If my brain were a muscle, it would need a massage.
Please don't hear that as a complaint, though, because as I sit in front of my laptop, I have so many ideas for blog posts that I'm not sure where to begin and I am really excited about all of them. I will definitely write more about the next few days, maybe even tonight, but I want to focus for a moment on a comment I heard a teacher say today during lunch.
"I understand how students must feel at the end of the day when they have sat and had information and learning coming at them all day," she said.
What a powerful reflection! Her comment made me really think about myself as a learner and I hope that I will remember some of my thoughts and realizations it inspired. Most of these thoughts aren't new realizations but I'm not sure that I have ever explicitly tried to write them down:
- I need time to process. I need time to play with the information that has come my way and work it into my thinking via my own individualized learning trails and schema.
- Agendas helped me a lot. I definitely felt more invested and engaged when I had a sense of what was coming next in the presentations. If there was a paper powerpoint to follow along, that was even better.
- I tend to wiggle. When the workshops were longer than 45 minutes, I found myself changing positions, stretching, doing unobtrusive (I hope) chair push-ups, and even getting up for a not-entirely-necessary bathroom trip or water break. These movements helped me pay better attention.
- Multi-tasking sometimes focused me more. If I had my iPad or phone, I was still integrating information if I was checking email or even reading over Twitter feeds. When I write--and as I am writing this now-- I can not multi-task, but when I am in lectures, sometimes I feel like my brain needs the extra stimulation to focus more.
- Conversations and opportunities for collaboration are powerful learning tools for me. The side conversations were valuable for me as a learner and I hope not distracting to the presenters.

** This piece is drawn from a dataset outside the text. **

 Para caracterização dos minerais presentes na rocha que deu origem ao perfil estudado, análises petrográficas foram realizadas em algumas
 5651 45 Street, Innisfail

For any presenter who is reading this, please know that there were many times when my conversations were the off-shoot of the inspiration or positive challenge to my thinking that you provided!
- I completely appreciate time to unwind and gather my thoughts and I was really grateful that today's technology conference offered opportunities to reflect and regroup.

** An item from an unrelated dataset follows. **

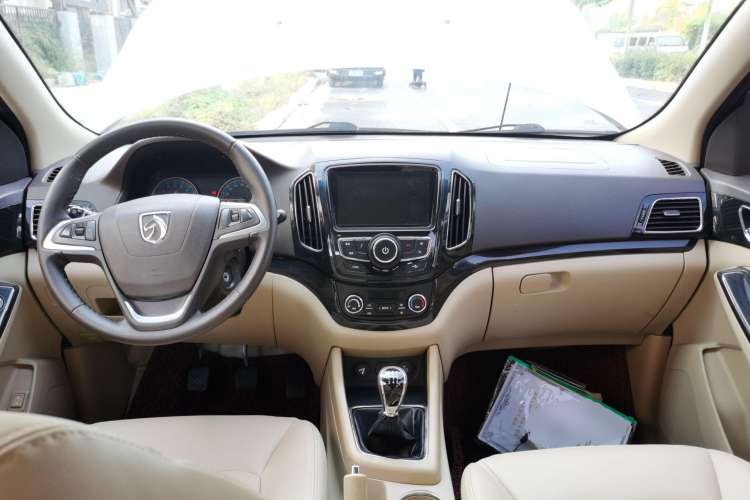 Used Baojun 730 2015 1.8L Manual Luxury Navigation ESP Version 7-seater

- Laughter helped me learn. Learning is intense and finding humor relieved that intensity. Maybe the relief let me go back at the learning--I'm not sure how that works--but I definitely am remembering the learning that combined laughing as I sit here in front of this blog.

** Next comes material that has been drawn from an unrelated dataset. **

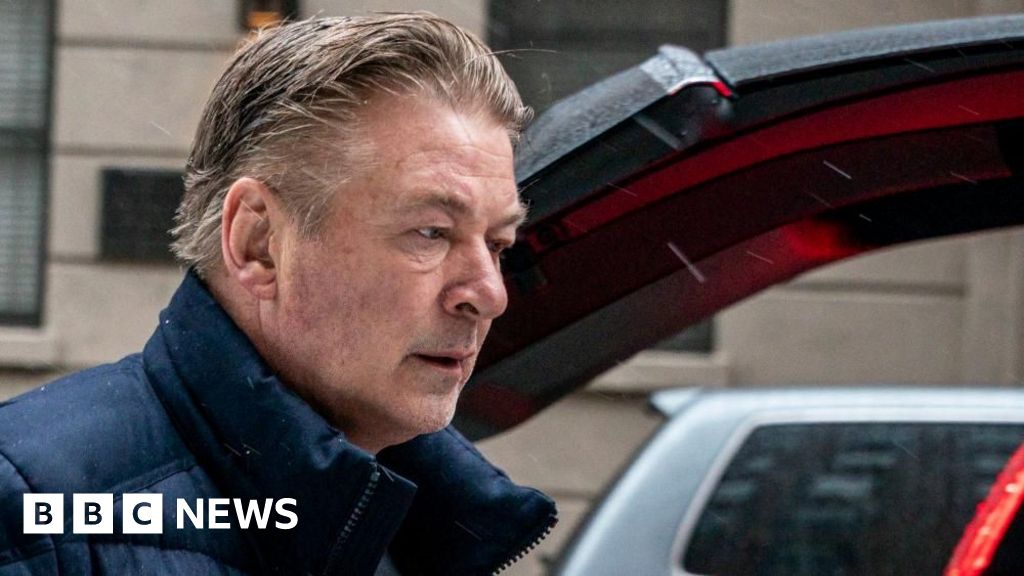 Judge Rules Alec Baldwin's 'Rust' Manslaughter Case Will Proceed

I will revisit this post in the fall when students return to the classrooms and have information, routines, expectations, and lessons coming at them with full force--I'm actually putting this task on my calendar! I need to remember the feeling of having a brain so full that any additional information will come out my ears. I'm betting that students share many of my experiences from the last three days and I will work hard to remember how exhausting sitting and learning can be.